San Agustín, en su Epístola 110, contraponía la fuerza y la convicción en cuanto que vectores axiales de la voluntad ordenada al vicio o a la virtud; a este tenor, ambos principios —podría decirse— son también los rectores de la acción docente. Cuando el educador acerca impositivamente a los estudiantes al conocimiento, o si estos se aproximan al estudio forzados por gatillos emocionales, no queda espacio para la sabiduría, entendida esta —al modo goetheano— como la aplicación del saber en tanto que un hacer vital, y en este particular nunca sería más oportuno recordar lo que la asesora del British Council Scotland, Sorcha Carey, aseguraba respecto del sentido del estudio: «El conocimiento sirve para ganarnos la vida; la sabiduría nos ayuda a vivir».
Todo proceso de aprendizaje, sin importar si atañe a la esfera profesional o no, debe ofrecer al estudiante coordenadas existenciales que le resulten sensibles; de este modo se operará la conversión del conocimiento en sabiduría.
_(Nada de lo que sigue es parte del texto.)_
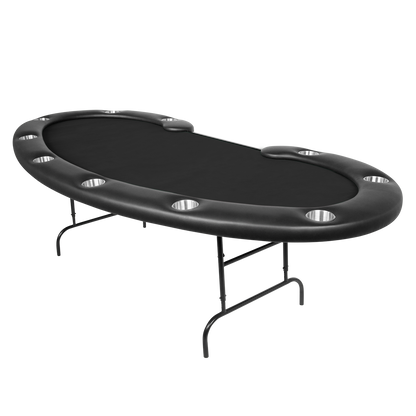 Prestige Folding Leg Poker Table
Desde que el primer Homo sapiens articuló el lenguaje verbal, la humanidad discurre en un continuum civilizatorio que se lega por medio de la palabra; esta es la fuente de calor que combustiona el saber haciéndolo devenir en un modus vivendi. La principal función del educador es, por tanto, la de ser el garante de tal flujo de humanidad. Si el conocimiento, sea de la índole que sea, no sirve al cabo para humanizarnos más, no habremos pasado de la schola a la vita.
Cuando el docente se plantea en serio educar para la vida y no para la escuela, inmediatamente se percata de que hay que tomar en consideración diversos factores como que no todos los estudiantes aprenden a un mismo ritmo y de un modo igual ni disponen de idénticos recursos para el aprendizaje. Tal diversidad supone necesariamente sumar en la dinámica educativa a la totalidad de los agentes del proceso de enseñanza-aprendizaje. Así pues, si se parte de una concepción semejante, debe entenderse que la tan ansiada homogeneización curricular es apenas una utopía: cada clase será única e irrepetible, ajustada, en consecuencia, a las necesidades existenciales del grupo.
En este marco, es de primerísima importancia educar a los alumnos para el manejo efectivo de sus emociones y el desarrollo de un pensamiento crítico y creativo. Más que «saber» datos, el estudiante debe «saber qué hacer» con estos datos, cómo combinarlos con otros para crear nuevo conocimiento que sea susceptible de devenir en una clave de vida, en sabiduría, y que esta implique la gestión asertiva de las propias emociones. Educarse para la vida y no para la escuela es, en el fondo, afinar los propios talentos y competencias sociales para funcionar a plenitud como un ser felizmente integrado en la sociedad.
La importancia de la inversión en la sentencia senequiana estriba en el hecho de que no solo es más optimista que el original dedicado a Lucilio; non scholæ sed vitæ discimus es un antídoto contra la pérdida del sentido vital; cuando el conocimiento adquiere para sí una dimensión trascendente en la vida de una persona, cuando saber es un asunto existencial y no meramente académico-burocrático, tenemos un propósito para vivir… que a veces, sin que lo sepamos, nos salva. Con toda seguridad, Dita Krausová, aquella niña de catorce años que en Auschwitz custodiaba la biblioteca clandestina, habría muerto sin los ocho libros que conformaban aquel delgado fondo editorial.